Across the long history – and I look beyond the first university at Bologna to early proto-universities at Nalanda and Gundishapur as well, so thousands of years – universities were actually given to parochialism, the teaching of religion, the education of noble sons to do and think exactly as their fathers had done and their peers would do, the university was a place where thinking was structured according to what I call state-think— I am here applying James Scott’s concept of state space to the patterns of thinking[1]  — in a way that made thinking easy to conform to the state, to run the state, to lead the state. [2]

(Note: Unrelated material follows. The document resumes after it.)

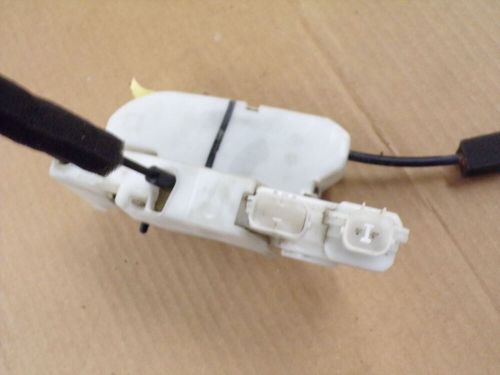 2008 nissan pathfinder door latch ( driver rear ) 2005-2012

The unspoken part of this process was learning how to control, suppress, and exploit the vast majority of the population. Colonial authorities knew this when they introduced colonial universities in the decades up to and just after World War I. These were to teach the colonial mother tongue, European ideas and values, and both obedience and the figurative whip through the provision of certain kinds of knowledge and behaviour. Select Southeast Asian youth of means and merit, would walk in elite children and walk out colonial bureaucrats, military officers, and intermediary elites. They saw or were meant to see the world as sharply defined, hierarchically stacked ethnic minorities, right and wrong moral sexual behaviour, the legitimacy of the huge global and racial disparities in wealth and just why Southeast Asians on the whole deserved to be servants and peasants, and why the indigenous mode of thought was inherently inferior to the western mode of thought.

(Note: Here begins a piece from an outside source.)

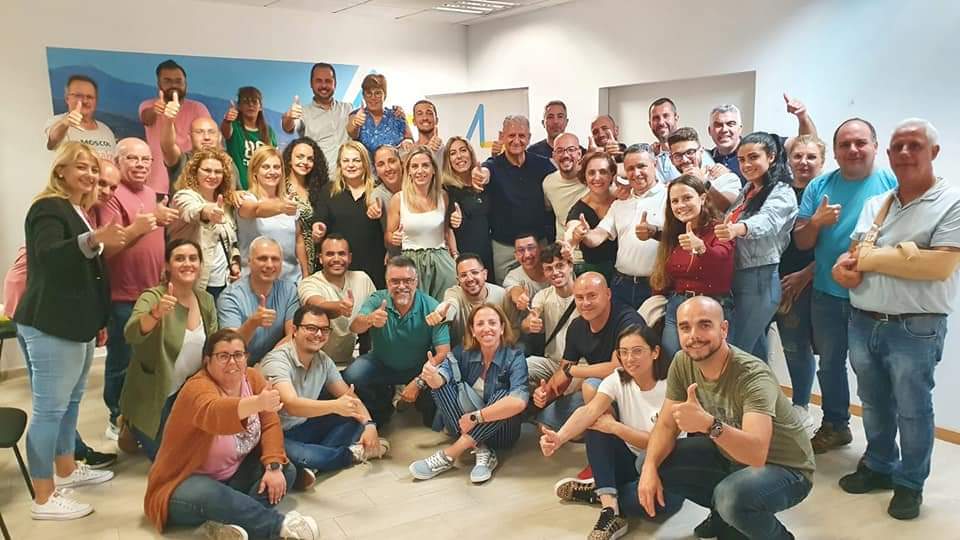 orotavaCC's tweet photo. ✅ Reunión del Comité Local de @orotavaCC en #LaOrotava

But the 1920s and 1930s were when that beautiful moment happened, when Southeast Asians found in their education all the things the colonial state did not wish them to see, learned about revolutionary ideology, why the global disparity in wealth was a result of slavery and exploitation, and why their own modes of thought were not inferior.  Universities in Southeast Asia continued to train the governing and commercial elites, but they also produced the revolutionaries and thinkers who would effectively lead their countries to victory in Burma, in Vietnam, Indonesia, and against absolute kingship in Thailand in 1932.

Here I will make three, very specific points. 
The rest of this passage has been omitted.